Highlighting safe logic in the FBD-editor
The FBD-editor highlights safe logic with shades of yellow so you can visually distinguish safe logic from non-safe logic when developing safety-related applications.
For developing safety-related applications, you must use a logi.CAD 3 version that has been qualified for this purpose. See the documentation "Safety instructions on working with the IDE" for the appropriate information and valid safety instructions.
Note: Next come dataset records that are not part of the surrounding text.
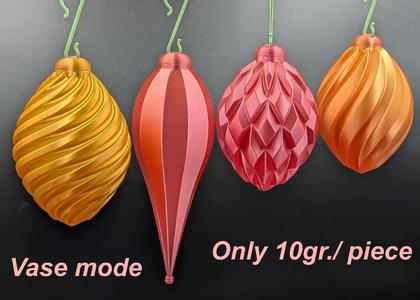 Christmas ornaments (vase mode)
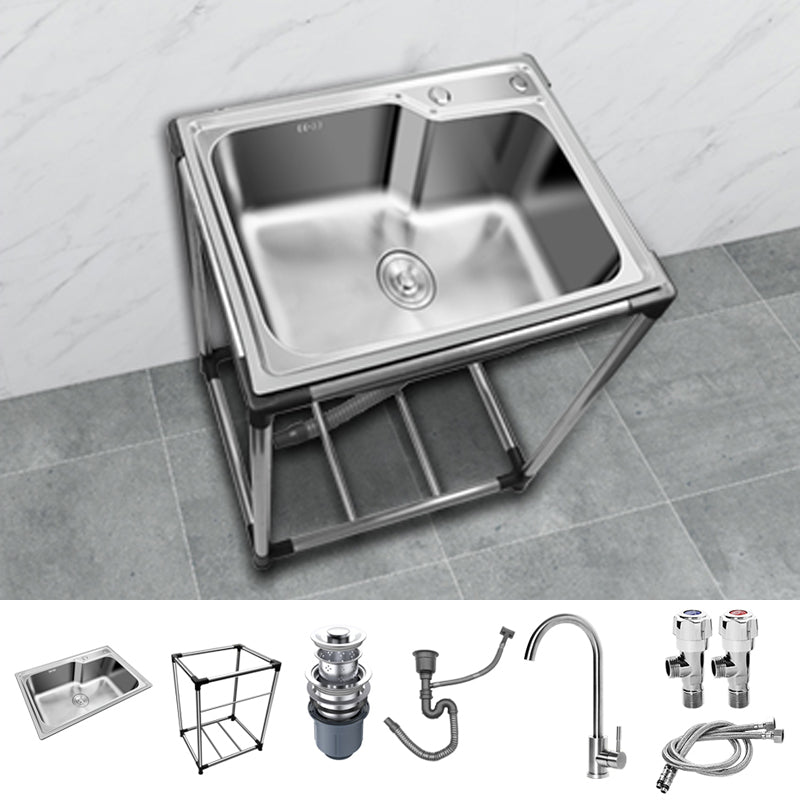 Kitchen Sink Stainless Steel Drop-In Rectangle All-in-one Soundproof Kitchen Sink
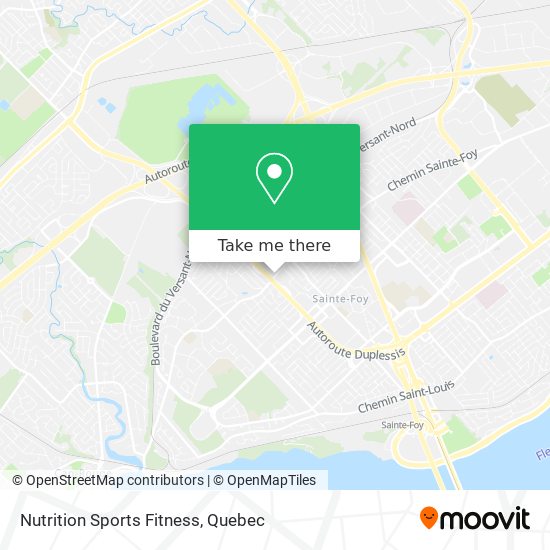 Nutrition Sports Fitness map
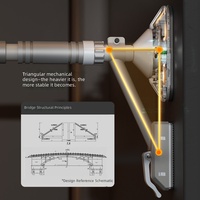 Barre de traction pour porte, robuste, longueur réglable, avec poignée antidérapante pour tractions, dips et entraînement à domicile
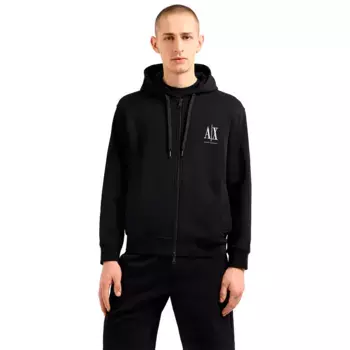 Толстовка Armani Exchange XM000371A_F10818U full zip, черный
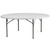 72" Granite White and Gray Contemporary Outdoor Patio Folding Table - IMAGE 1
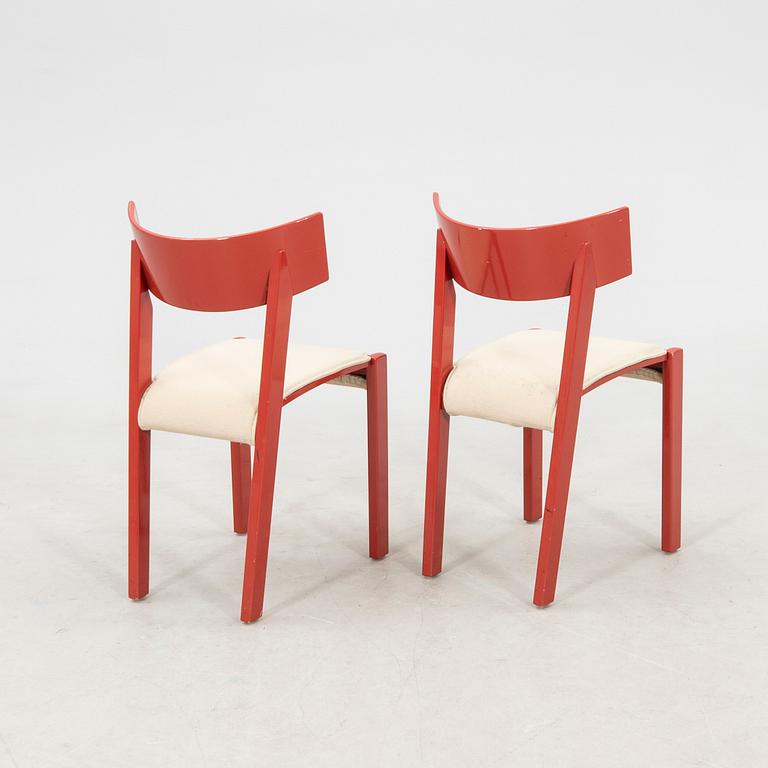 Ralf Lindberg chairs, 6 pcs "Tati" Gärsnäs 1980/90s.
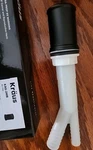 Kraus Dishwasher Air Gap In Matte Black, KAG-2MB New Open Box. Fixed Price $30.08.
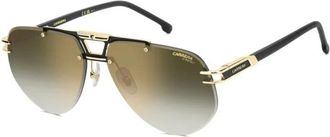 Carrera 1087/S Zonnebril - Heren - Zonnebrillen - Geel - 63 MM - Accessoires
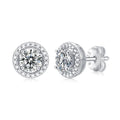 GRA Moissanite Lab Diamond With Certificate Fine Jewelry Sterling Silver 1CT Moissanite Stud Earrings Set Jewellery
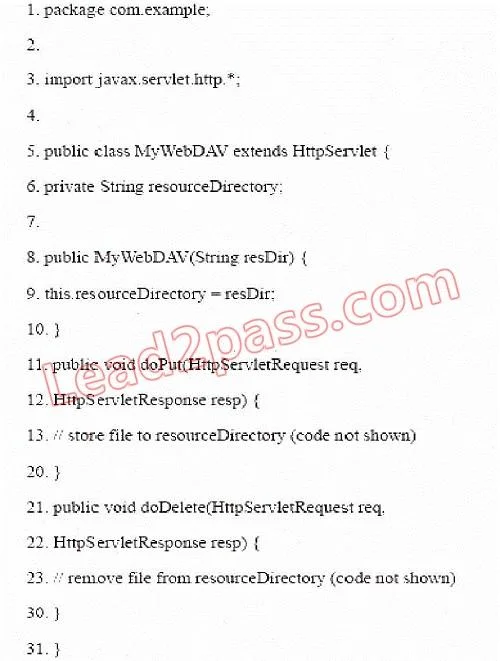 1Z0-899 question #73 exhibit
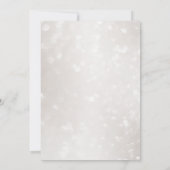 Baby shower Schattige Slapen Baby Giraffe Dier Kaart (Achterkant)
logi.cals recommends that you and/or your system integrator do not use yellow shades when designing FBD-elements because the color "Yellow" is used for tracking safe signals when developing safety-related applications. logi.CAD 3 does not check if colors are already used elsewhere. So the use of the yellow shades by you and/or your system integrator could have the consequence that "yellow" might also identify a non-safe logic as well.
The following FBD elements are displayed with shades of yellow:
→value fields, provided that the value field contains a →variable that is declared based of a safe data type or provided that the value field contains a →literal and it is connected to another FBD-element that is displayed with shades of yellow.
the →call of a →function or of a →function block, provided that it is a block for safe logic and that a safe value is delivered to this block according to the details under "Blocks for safe logic".
lines that are connected to such value fields/calls
→connectors and →continuations for such lines
This logic is a non-safe logic because the data type INT is used:
Here is the same logic but with the safe data type SAFEINT - which causes the elements to be displayed with shades of yellow to indicate the safe logic:
You can also mix safe logic and non-safe logic. The implicit conversion of a safe data type to a non-safe data type is allowed.
Illegal constructs will be highlighted as errors or warnings in the FBD-editor. Since the implicit conversion of a non-safe data type to a safe data type is an illegal construct, the assignment of the ADD output to the safe variable resultB is highlighted as faulty in the above example. Reason: The inputs of the ADD block are connected to non-safe variables.